「禁煙至上主義」に陥る外食産業

 外食業界では、分煙席を設けずに全席禁煙にする流れが加速しています。もともとは禁煙の強化には慎重姿勢でした。飲食や飲酒と喫煙の相性が良く、禁煙を徹底すると喫煙客の反発を招いて短期的には売り上げの落ち込みが避けられないからです。しかし、近年は若年層を中心に喫煙率が従来に比べて大きく低下しています。将来も見据えて、長い間顧客になりうる層を取り込むには禁煙強化はやむを得ない。そんな判断に傾いているようです。

 例えば日本KFCは、18年3月までに直営店を完全禁煙に切り替え、残りのフランチャイズチェーン店も改装に合わせて順次、喫煙できなくします。また、セブン&アイ フードシステムも約380店舗ある「デニーズ」すべてを原則禁煙にします。

 こうした状況の背景には、東京都の動きもあります。2020年の東京五輪に向けて、受動喫煙防止のために、屋内を原則禁煙とする罰則付きの条例制定に動いているのです。サイゼリヤの堀社長は実際、「都の条例制定を前提に先に動く」と話しています。

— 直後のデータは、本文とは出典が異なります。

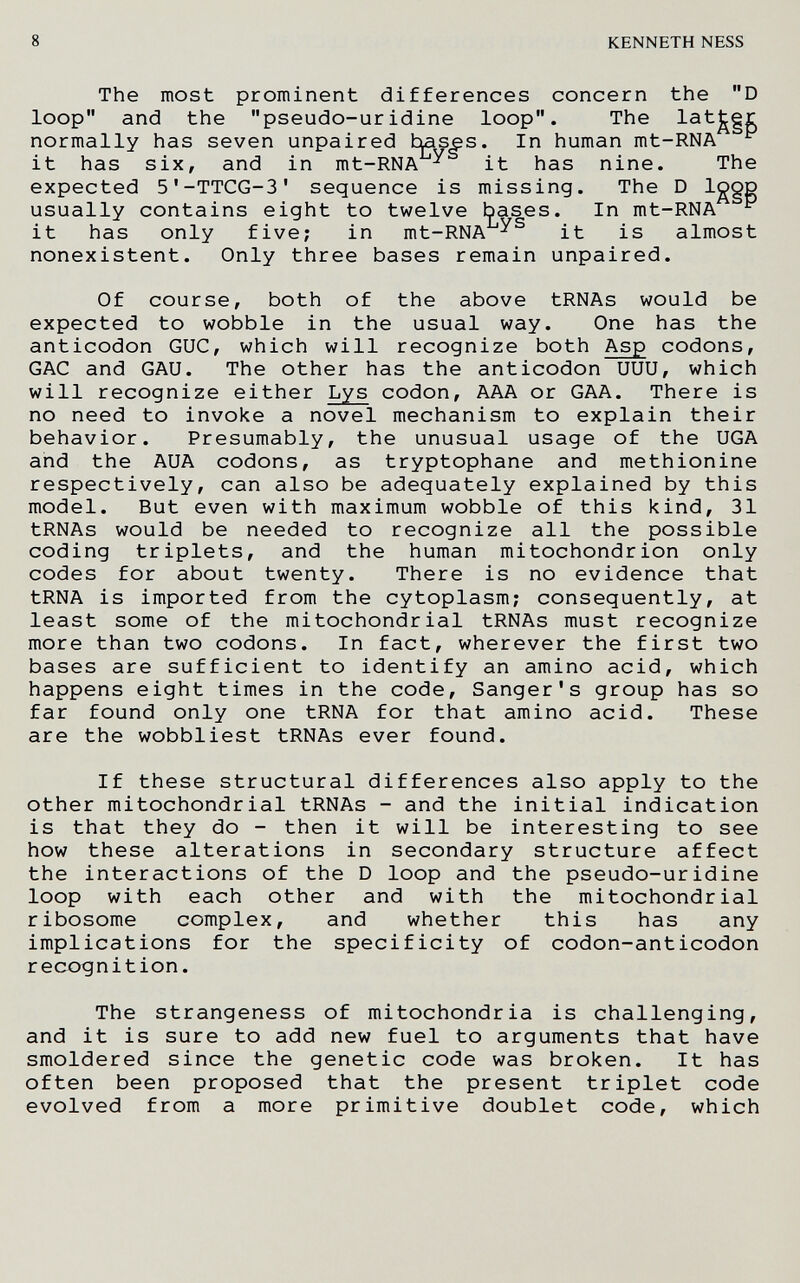 8 KENNETH NESS The most prominent differences concern the D loop and the pseudo-uridine loop. The normally has seven unpaired hases. In human mt-RNA ^ it has six, and in mt-RNA ^ it has nine. The expected 5'-TTCG-3' sequence is missing. The D Iggg usually contains eight to twelve bases. In mt-RNA ^ it has only five; in mt-RNA it is almost nonexistent. Only three bases remain unpaired. Of course, both of the above tRNAs would be expected to wobble in the usual way. One has the anticodon GUC, which will recognize both Asp codons, GAG and GAU. The other has the anticodon UUU, which will recognize either Lys codon, AAA or GAA. There is no need to invoke a novel mechanism to explain their behavior. Presumably, the unusual usage of the UGA and the AUA codons, as tryptophane and methionine respectively, can also be adequately explained by this model. But even with maximum wobble of this kind, 31 tRNAs would be needed to recognize all the possible coding triplets, and the human mitochondrion only codes for about twenty. There is no evidence that tRNA is imported from the cytoplasm; consequently, at least some of the mitochondrial tRNAs must recognize more than two codons. In fact, wherever the first two bases are sufficient to identify an amino acid, which happens eight times in the code, Sanger's group has so far found only one tRNA for that amino acid. These are the wobbliest tRNAs ever found. If these structural differences also apply to the other mitochondrial tRNAs - and the initial indication is that they do - then it will be interesting to see how these alterations in secondary structure affect the interactions of the D loop and the pseudo-uridine loop with each other and with the mitochondrial ribosome complex, and whether this has any implications for the specificity of codon-anticodon recognition. The strangeness of mitochondria is challenging, and it is sure to add new fuel to arguments that have smoldered since the genetic code was broken. It has often been proposed that the present triplet code evolved from a more primitive doublet code, which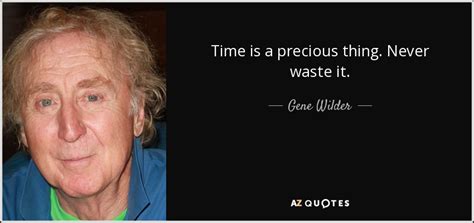 TOP 25 QUOTES BY GENE WILDER (of 74) | A-Z Quotes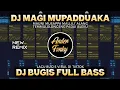 Download Lagu DJ MAGI MUPADDUAKA - DJ BUGIS VIRAL DI TIKTOK FULL BASS TERBARU 2025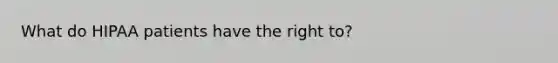What do HIPAA patients have the right to?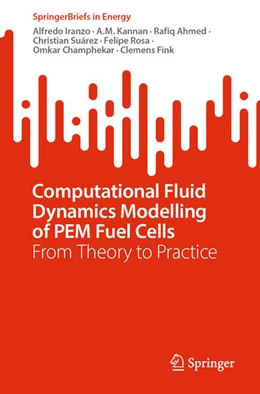 Abbildung von Iranzo / Kannan | Computational Fluid Dynamics Modelling of PEM Fuel Cells | 1. Auflage | 2026 | beck-shop.de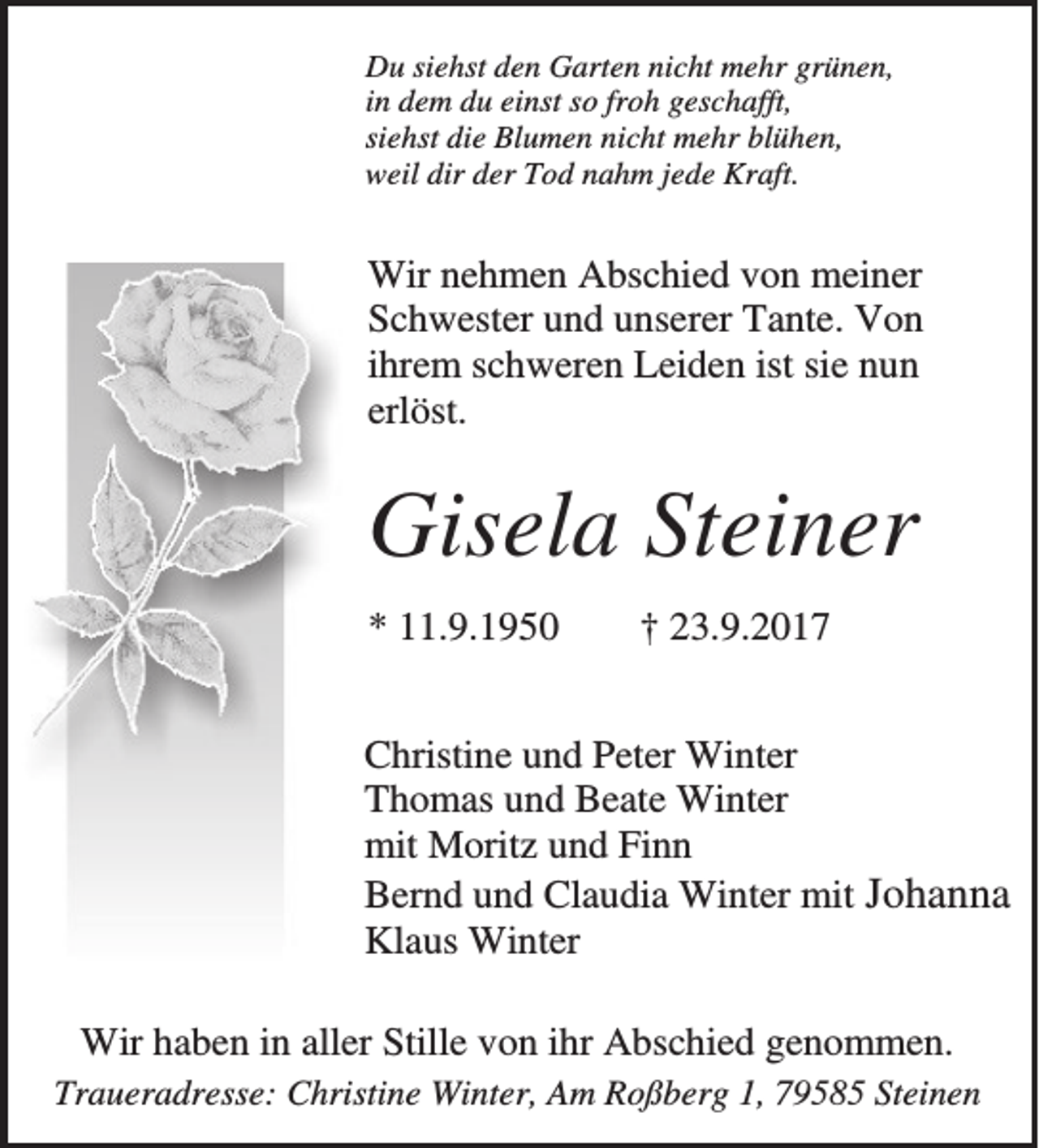 <p>Du siehst den Garten nicht mehr grünen,<br />in dem du einst so froh geschafft,<br />siehst die Blumen nicht mehr blühen,<br />weil dir der Tod nahm jede Kraft.</p><p>Wir nehmen Abschied von meiner<br />Schwester und unserer Tante. Von<br />ihrem schweren Leiden ist sie nun<br />erlöst.</p><p>Gisela Steiner<br />* 11.9.1950</p><p>† 23.9.2017</p><p>Christine und Peter Winter<br />Thomas und Beate Winter<br />mit Moritz und Finn<br />Bernd und Claudia Winter mit Johanna<br />Klaus Winter<br />Wir haben in aller Stille von ihr Abschied genommen.<br />Traueradresse: Christine Winter, Am Roßberg 1, 79585 Steinen</p>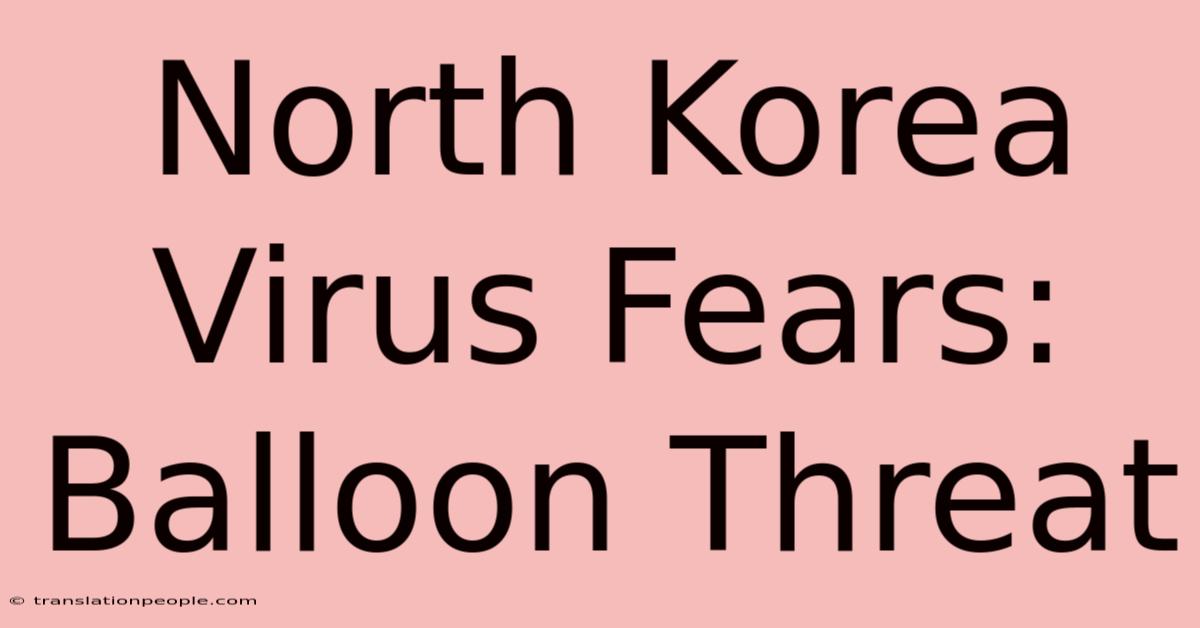 North Korea Virus Fears: Balloon Threat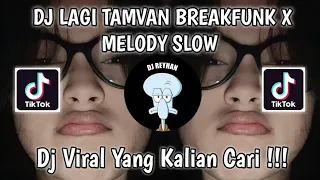 Download DJ LAGI TAMVAN BREAKFUNK X MELODY SLOW BY DJ WAHYU RMX VIRAL TIK TOK TERBARU YANG KALIAN CARI! MP3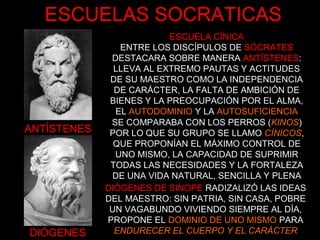 ANTÍSTENES
DIÓGENES
ESCUELA CÍNICA
ENTRE LOS DISCÍPULOS DE SÓCRATES
DESTACARA SOBRE MANERA ANTÍSTENES:
LLEVA AL EXTREMO PAUTAS Y ACTITUDES
DE SU MAESTRO COMO LA INDEPENDENCIA
DE CARÁCTER, LA FALTA DE AMBICIÓN DE
BIENES Y LA PREOCUPACIÓN POR EL ALMA,
EL AUTODOMINIO Y LA AUTOSUFICIENCIA
DIÓGENES DE SINOPE RADIZALIZÓ LAS IDEAS
DEL MAESTRO: SIN PATRIA, SIN CASA, POBRE
UN VAGABUNDO VIVIENDO SIEMPRE AL DÍA,
PROPONE EL DOMINIO DE UNO MISMO PARA
ENDURECER EL CUERPO Y EL CARÁCTER
SE COMPARABA CON LOS PERROS (KINOS)
POR LO QUE SU GRUPO SE LLAMO CÍNICOS,
QUE PROPONÍAN EL MÁXIMO CONTROL DE
UNO MISMO, LA CAPACIDAD DE SUPRIMIR
TODAS LAS NECESIDADES Y LA FORTALEZA
DE UNA VIDA NATURAL, SENCILLA Y PLENA
ESCUELAS SOCRATICAS
 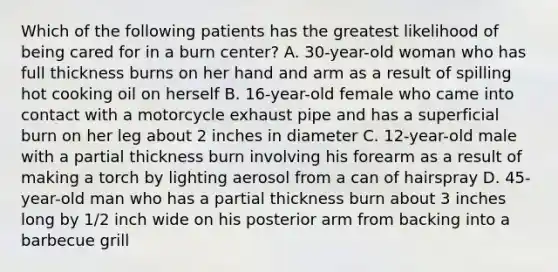 Which of the following patients has the greatest likelihood of being cared for in a burn​ center? A. 30-year-old woman who has full thickness burns on her hand and arm as a result of spilling hot cooking oil on herself B. 16-year-old female who came into contact with a motorcycle exhaust pipe and has a superficial burn on her leg about 2 inches in diameter C. 12-year-old male with a partial thickness burn involving his forearm as a result of making a torch by lighting aerosol from a can of hairspray D. 45-year-old man who has a partial thickness burn about 3 inches long by​ 1/2 inch wide on his posterior arm from backing into a barbecue grill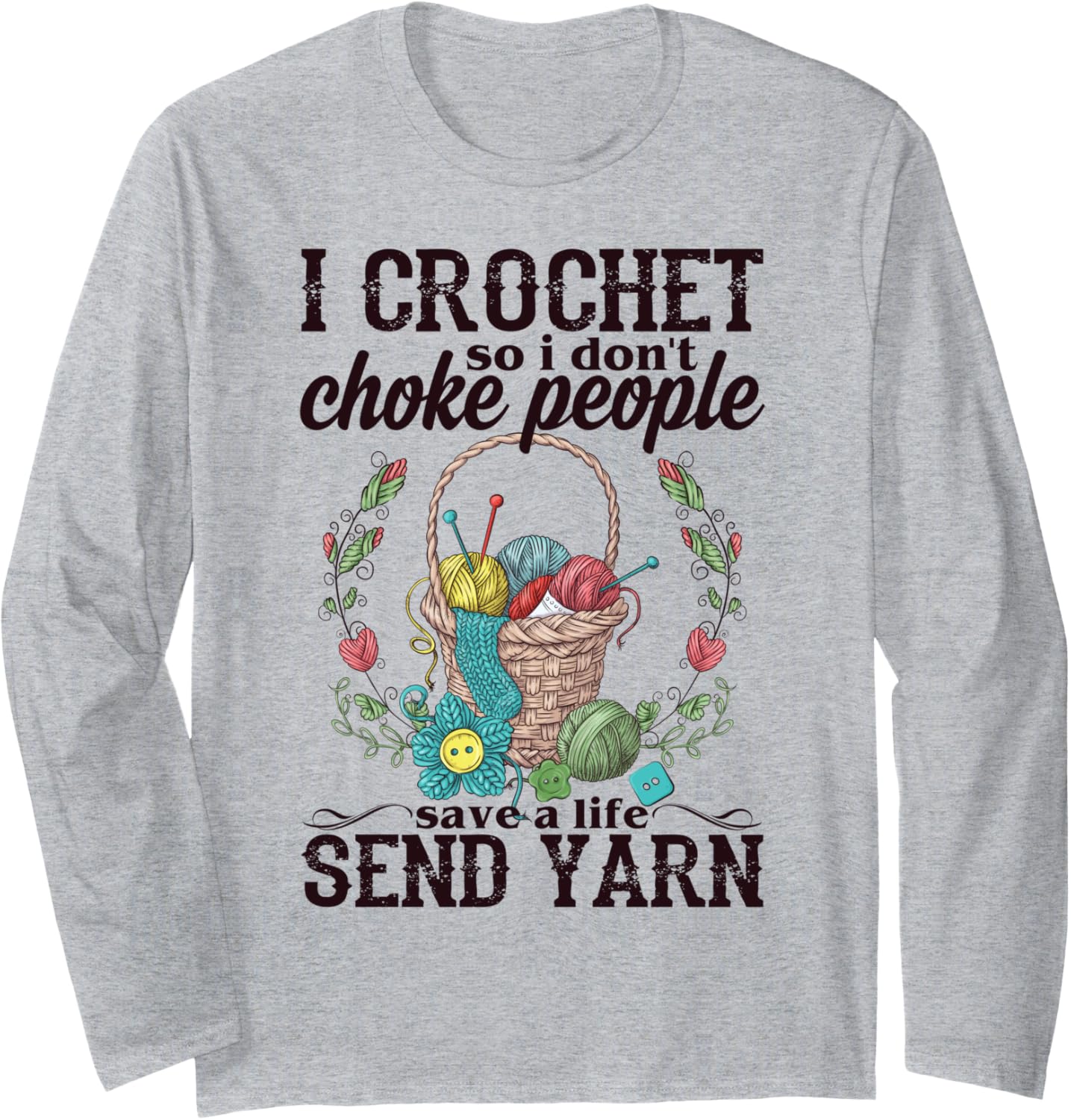 I Crochet So I Don't Choke People Save A Life Send Yarn Long Sleeve Yarn Supply | Viral US Pick | Perfect for Crafters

 さて、こうした動きは当然喫煙者の肩身をより狭くします。JT(日本たばこ産業)の調査によると、全国の喫煙者は1,917万人。彼らの数字は決して小さくないはずです。仕事で疲れたときや辛いことがあったとき、彼らの「至福の1本」を吸う機会を奪ってしまわないでしょうか。もちろん、タバコが嫌いな人にまで一緒に食事をするべき、と言っているのではありません。飲食店での理想は、やはり吸う人も吸わない人も共存できる分煙なのではないでしょうか。禁煙の店があっても、決してたばこの吸える店はなくならないでほしいものです。

 筆者は喫煙者ではありませんが、吸う場所がない、と煙草を吸う家族が嘆いているのをしばしば耳にします。聞こえのいい禁煙が問答無用の愛煙家たたきにならないか、一方的に「煙たがられる」時代が来るのではないか、不安でなりません。